GUT Breaking on the Brane

TL;DR

This work presents a five-dimensional supersymmetric SU(5) model where GUT breaking occurs on a brane at scale $M_*$, while matter resides at the brane and gauge/Higgs fields propagate in the bulk. The lightest $X,Y$ gauge bosons and colored Higgs triplets acquire masses tied to the compactification scale $M_C$, and their wavefunctions are repelled from the GUT-breaking brane, significantly suppressing proton decay. Above $M_C$, gauge couplings run log-like rather than power-law, preserving conventional unification with $M_C$ related to the 4D triplet mass, and the model accommodates $O(1)$ Yukawa deviations from SU(5) correlations. The framework also yields testable implications for proton decay (suppressed) and allows larger gauge groups with controlled non-universal running, offering a novel route to GUT phenomenology in extra dimensions.

Abstract

We present a five-dimensional supersymmetric SU(5) theory in which the gauge symmetry is broken maximally (i.e. at the 5D Planck scale M_*) on the same 4D brane where chiral matter is localized. Masses of the lightest Kaluza-Klein modes for the colored Higgs and X and Y gauge fields are determined by the compactification scale of the fifth dimension, M_C ~ 10^{15} GeV, rather than by M_*. These fields' wave functions are repelled from the GUT-breaking brane, so that proton decay rates are suppressed below experimental limits. Above the compactification scale, the differences between the standard model gauge couplings evolve logarithmically, so that ordinary logarithmic gauge coupling unification is preserved. The maximal breaking of the grand unified group can also lead to other effects, such as O(1) deviations from SU(5) predictions of Yukawa couplings, even in models utilizing the Froggatt-Nielsen mechanism.

Figures (3)

• Figure 1: Mass spectrum for the lowest KK modes of the gauge fields (a), and Higgs fields (b) in our model. As explained in the text, the transition to degeneracy between the $X,Y$ and 3-2-1 towers occurs much more gradually than shown in (a). In (b), the limit of very large $\kappa$ is taken, so that the slight non-degeneracy between the colored hypermultiplet pairs at each level is not resolved. In both (a) and (b), the triplet of numbers below each tower corresponds to the beta function contribution $(b_1,b_2,b_3)$ that comes from each level in that tower (for the colored Higgs, the contributions from the nearly-degenerate hypermultiplet pairs are combined).
• Figure 2: The qualitative picture for gauge coupling unification in our 5D model. We define $\delta_i(\mu) \equiv \alpha^{-1}_i(\mu)-\alpha^{-1}_1(\mu)$. The conventional unification scale $M_{\rm GUT}\sim 2 \times 10^{16}$ GeV is a derived scale rather than a physical one.

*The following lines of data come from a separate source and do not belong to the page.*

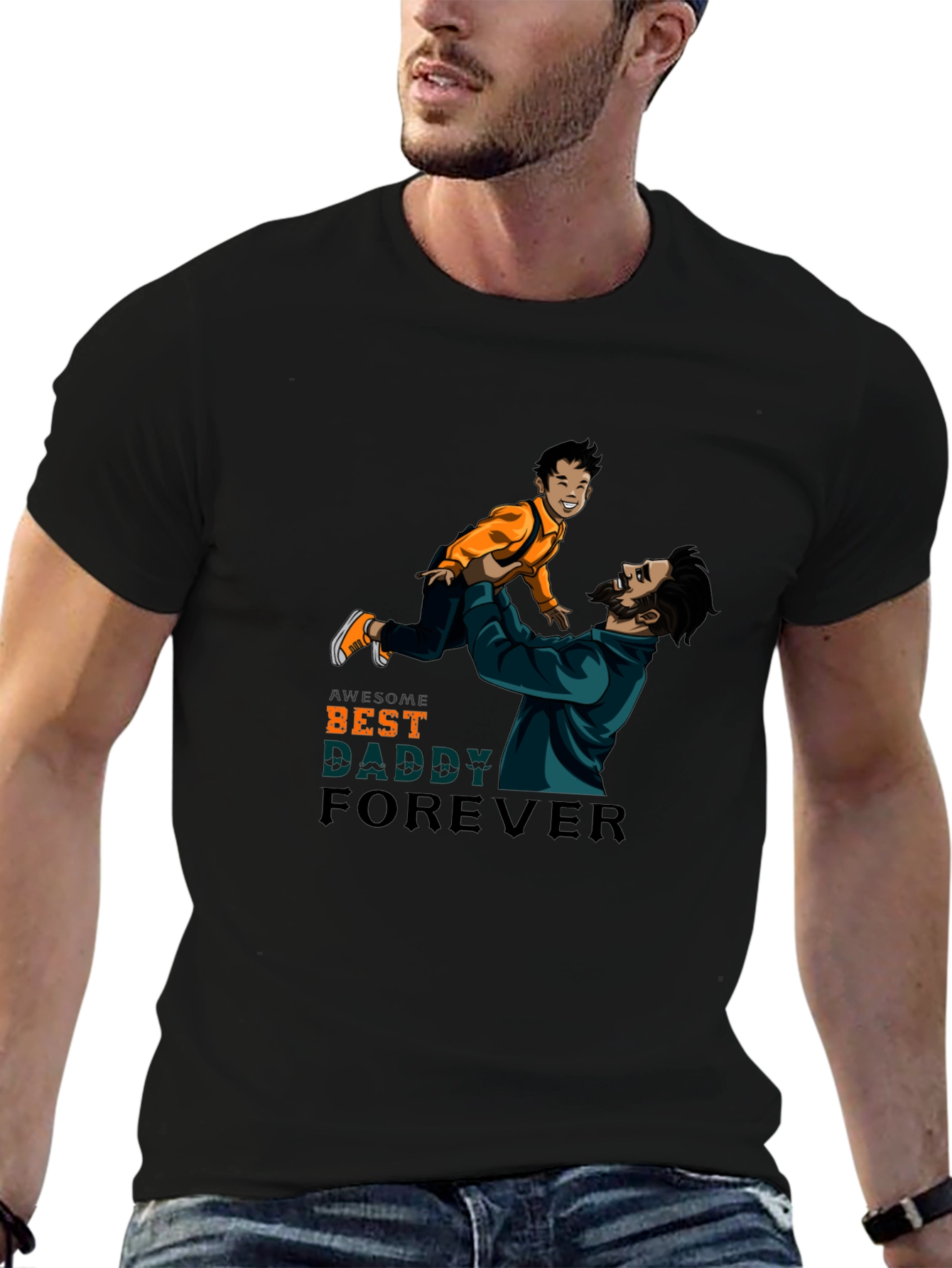 Awesome Best Daddy Forever Graphic T-Shirt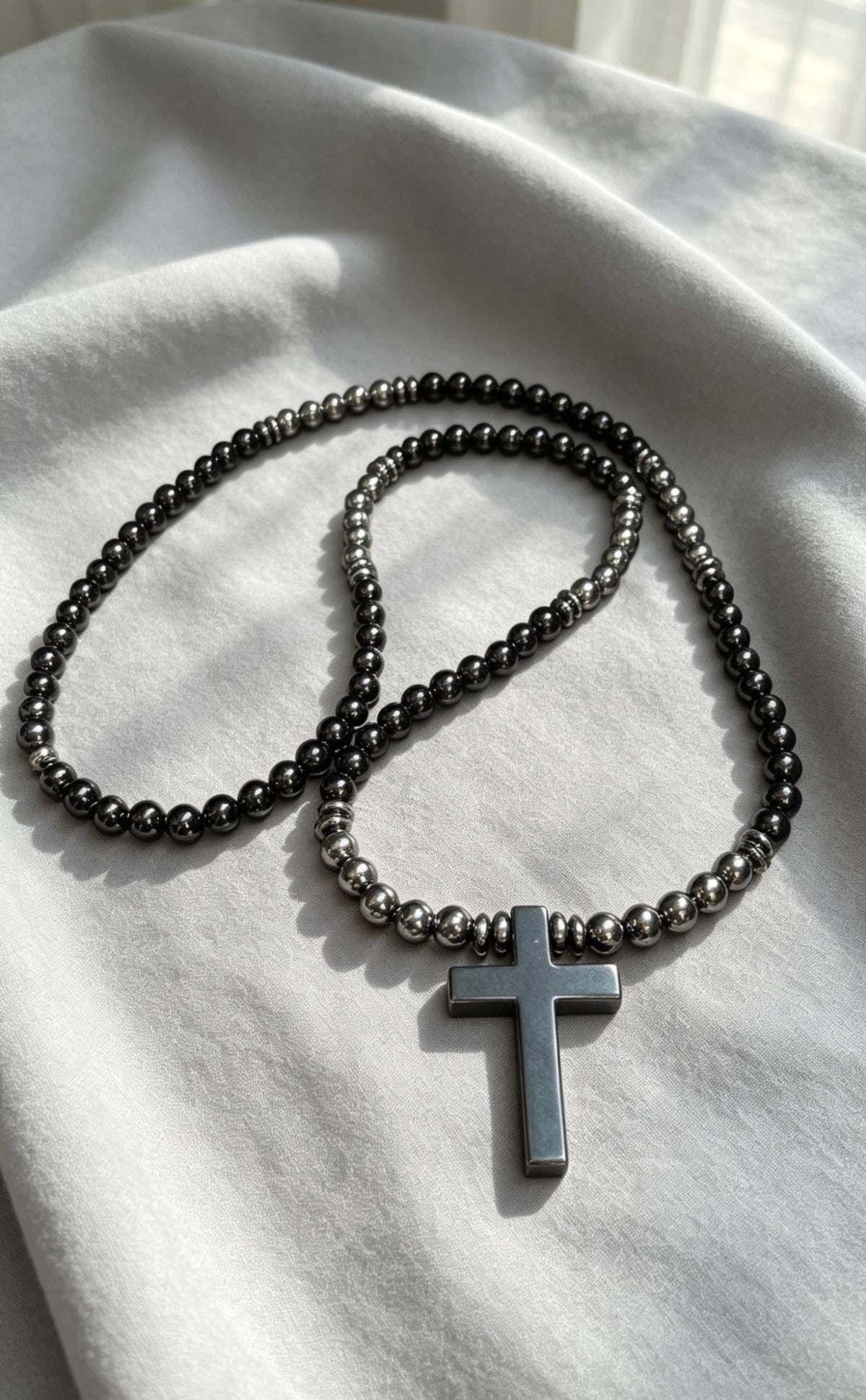 26 Inch Black Cross Necklace for Men – Long Slip On Beaded Necklace – Hematite & Black Stone Minimalist Jewelry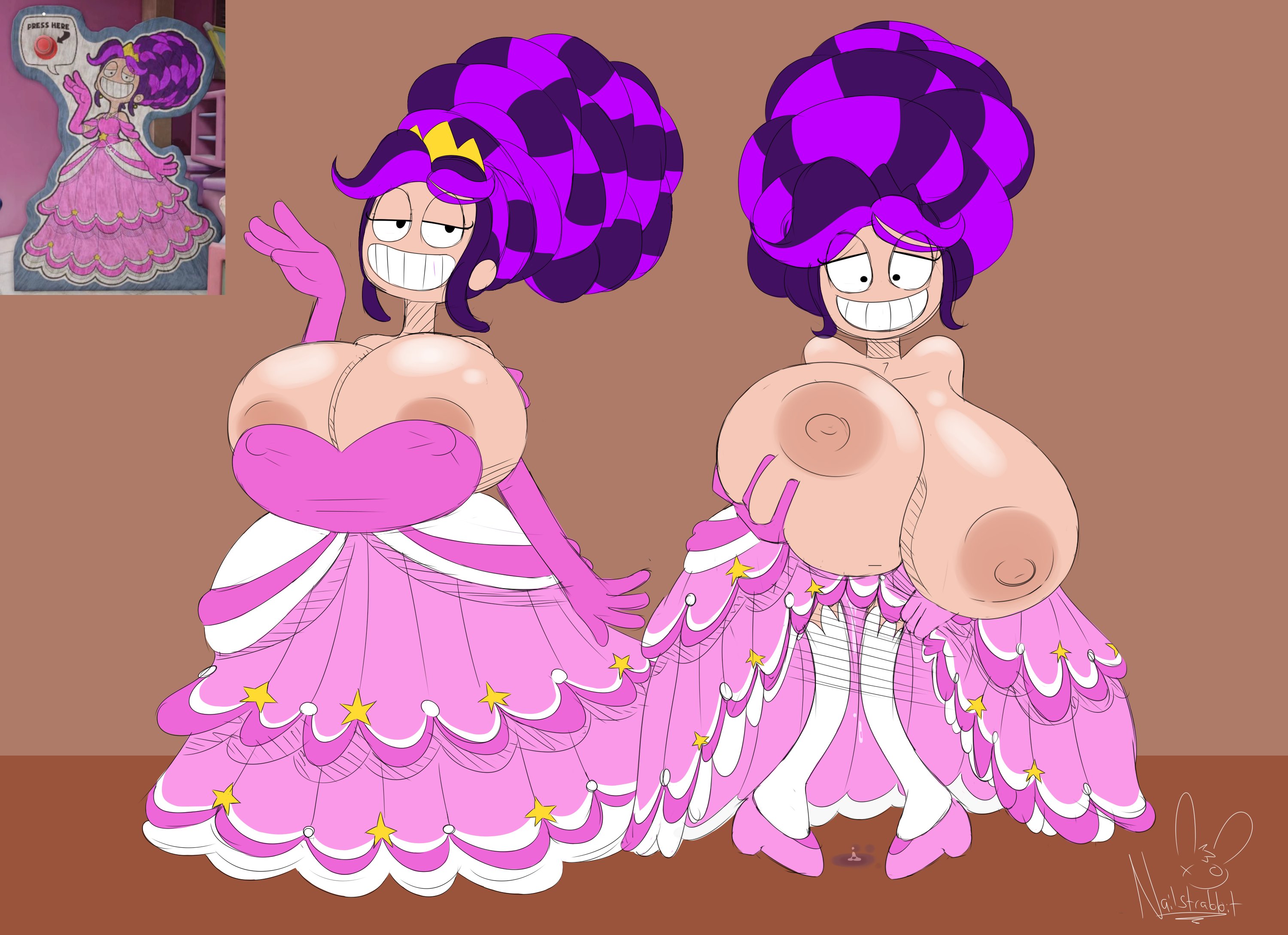 1girls, 2026, 2026s, 2d, 2d (artwork), 2d artwork, 4 fingers, alternate body type, alternate breast size, alternate costume, animate inanimate, big breasts, black eyes, braid, braided hair, braided ponytail, breast expansion, breast focus, breast grab, breast growth, breast growth (enlargement), breast squeeze, breasts, breasts bigger than head, breasts out, crown, curvy, digital art, digital drawing, digital drawing (artwork), digital media, digital media (artwork), digital painting, digital painting (artwork), doll, doll girl, dress, expansion, eyelashes, female, female focus, fingers, full body, grabbing own breast, hair, huge breasts, humanoid, humanoid female, hyper, hyper breasts, inanimate animate, large ass, large breasts, lily lovebraids, living toy, long hair, long legs, long purple hair, mascot horror, mob entertainment, mob games, multiple poses, multiple views, nailstrabbit, nipple bulge, nipple slip, nipples, nipples outside, nipples visible through clothing, noseless, not furry, pink dress, ponytail, ponytail (hair), ponytail female, poppy playtime, poppy playtime (chapter 5), princess, princess dress, purple hair, smile, smiling, star, star (symbol), thick, tits bigger than head, video games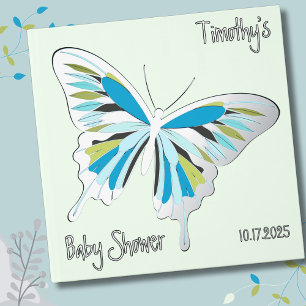 Libro De Visitas Relieve metalizado Baby Shower de plata de la pale
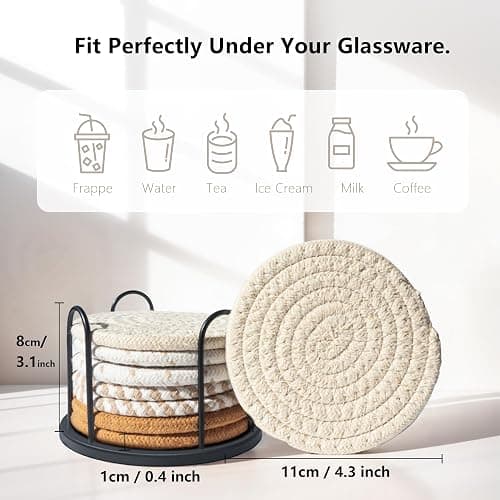 Lazebox Coasters Set of 8 for Drinks, Beer, Coffee, Cotton Woven 4 Colors Absorbent Coaster with Holder, Boho Coasters for Home Decor Tabletop Protection Suitable for Kinds of Cups, Coffee thumbnail 3
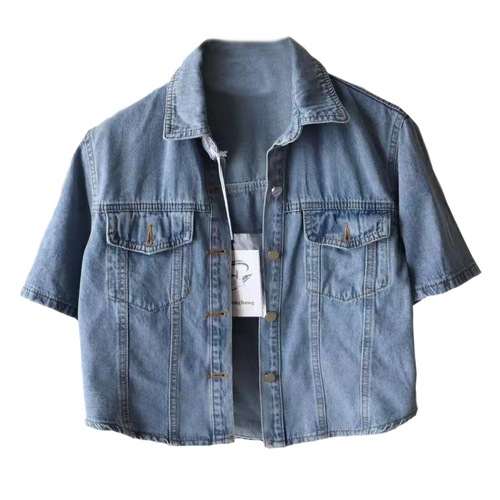A versatile thin denim jacket for women, short-sleeved, suitable for spring and summer, light blue casual, weight-loss outerwear, short vest.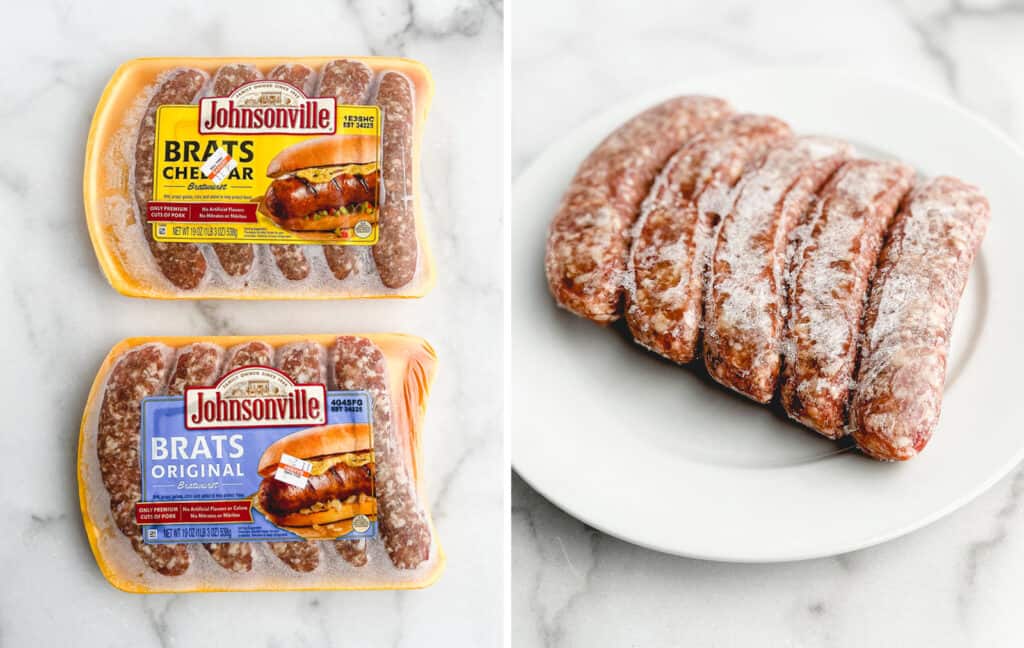 Frozen Johnsonville Brats in Package (left) On a Plate (right)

Here we assume $m_{\Sigma}<g_5^2 \langle \Sigma \rangle^2$, so that unification is achieved near $g_5^2 \langle \Sigma \rangle^2$.
• Figure 3: Values of $M_{\Sigma}$ and $g_{5}^2 \langle \Sigma \rangle^2$ which generate the same threshold effect above $M_{C}$ as is generated in minimal supersymmetric SU(5) between $M_{H_{C}}$ and $M_{\rm GUT}$. The dashed line corresponds to $M_{C}=6\times 10^{14}~{\rm GeV}$, while the solid line corresponds to $M_{C}=6\times 10^{15}~{\rm GeV}$. To calculate these lines we have used first-order solutions in $(g_{5}^{2} \langle \Sigma \rangle^{2} R)^{-1}$ for the $X$ and $Y$ masses.